[Web page caption snippets]
══════

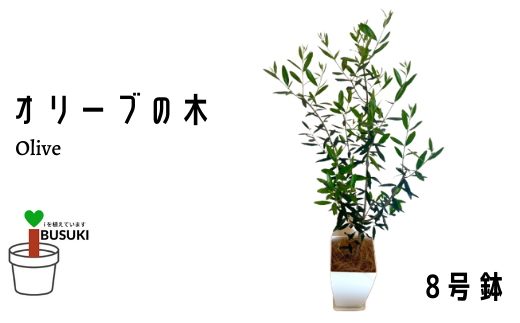 観葉植物 オリーブの木8号鉢 Green Base 鹿児島県指宿市 ふるさと納税 ふるさとチョイス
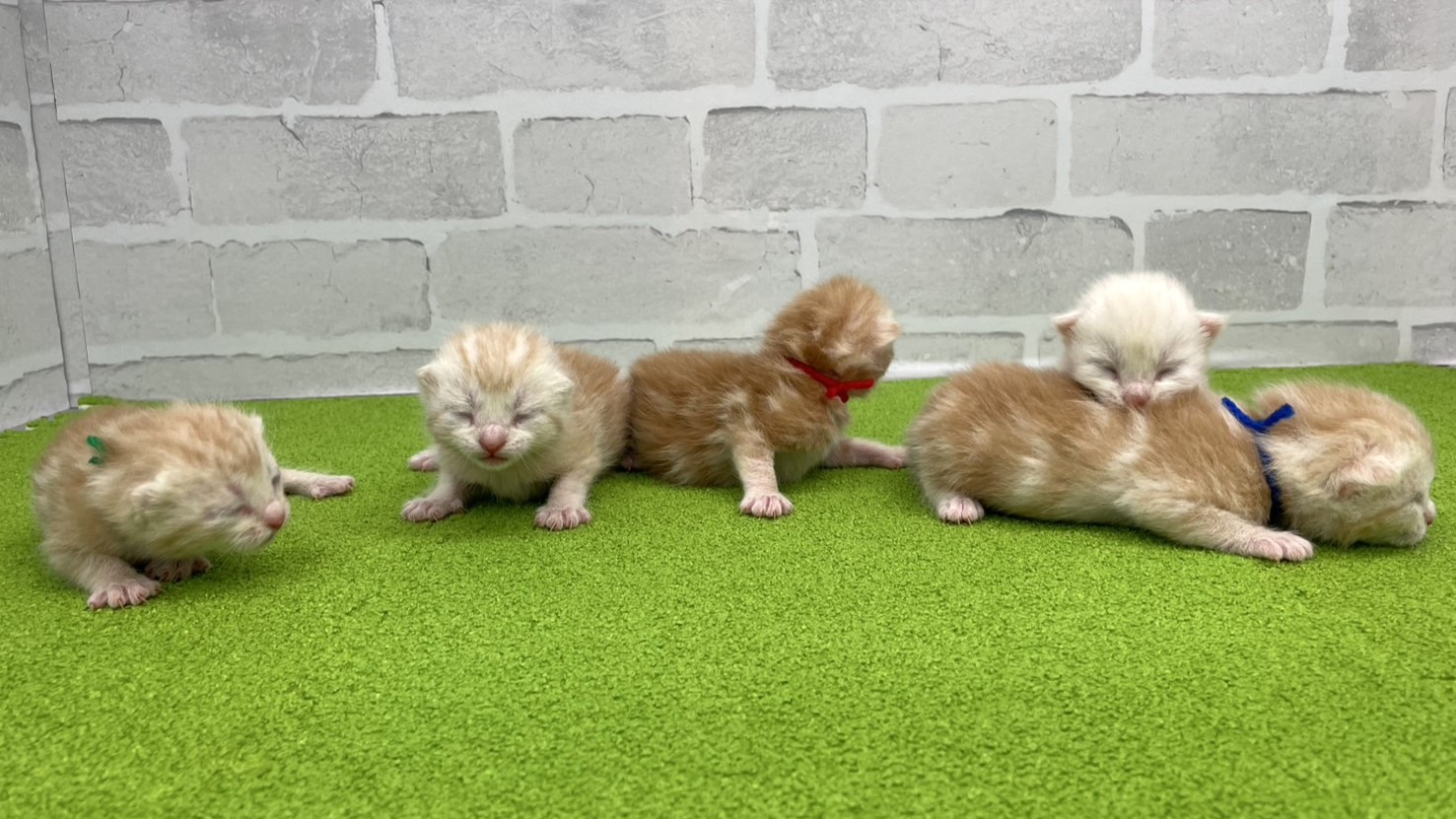 赤ちゃん写真1-3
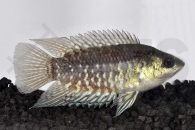 150127_Microctenopoma-congicum_Kongobuschfisch_01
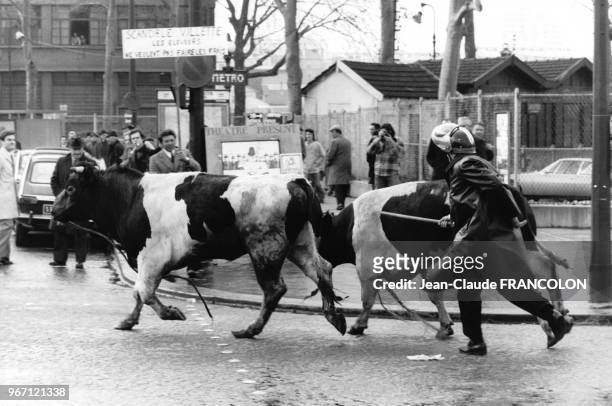 Dernière protestation des professionnels de la viande contre la fermeture des Abattoirs de la Villette le 14 mars 1974 à Paris, France.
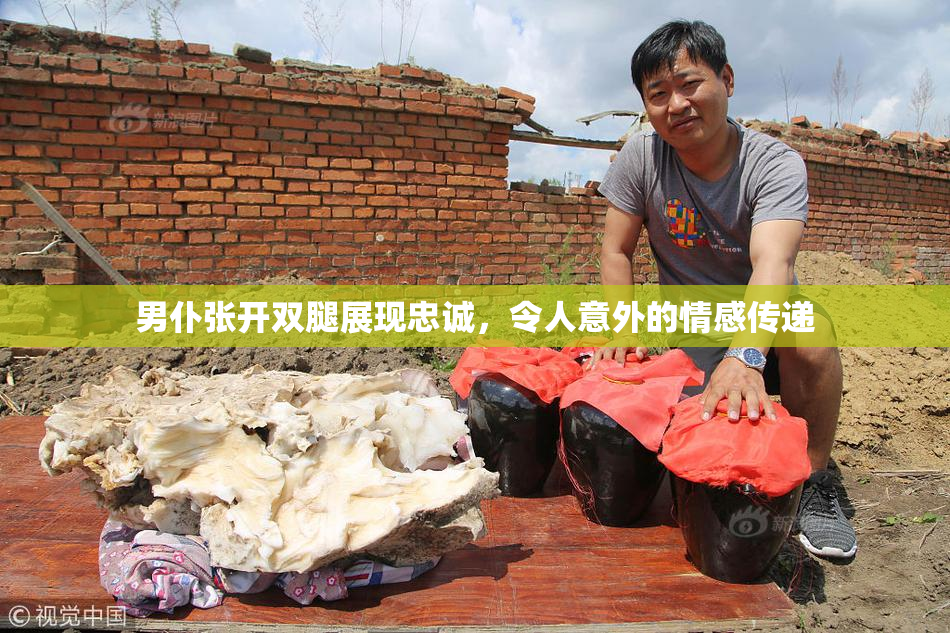 男仆张开双腿展现忠诚，令人意外的情感传递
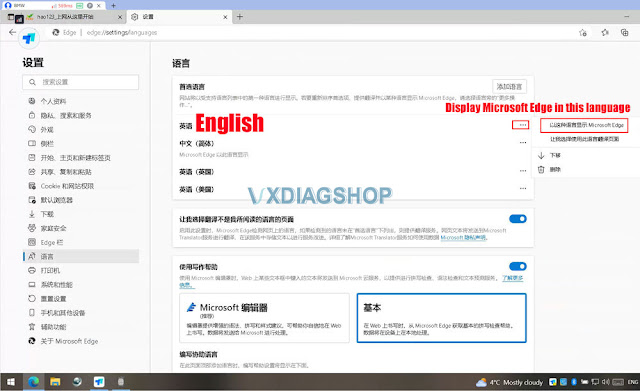 VXDIAG 2TB HDD Web Browser in Chinese Solution 3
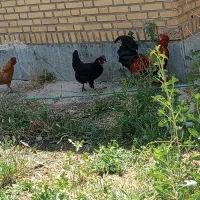 فروsh خروس و مرغ باروک تخم گذار
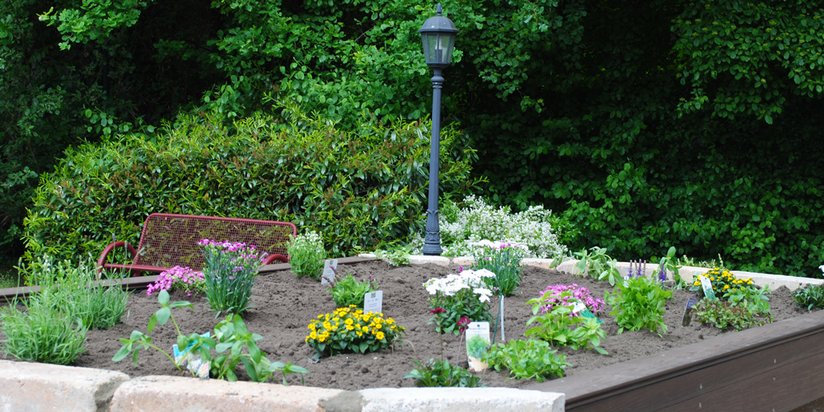 Blumenbeet mit blühenden Pflanzen im Garten des Seniorencentrums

══════

» Directions for this task: Print exactly the lines from the one containing "150127_Microctenopoma-congicum_Kongobuschfisch_01" through the last line of the records, both included, and leave out the pictures.

» Response:
 150127_Microctenopoma-congicum_Kongobuschfisch_01
 Dernière protestation des professionnels de la viande contre la fermeture des Abattoirs de la Villette le 14 mars 1974 à Paris, France.
 男仆张开双腿展现忠诚，令人意外的情感传递
 VXDIAG 2TB HDD Web Browser in Chinese Solution 3
 فروsh خروس و مرغ باروک تخم گذار
 Blumenbeet mit blühenden Pflanzen im Garten des Seniorencentrums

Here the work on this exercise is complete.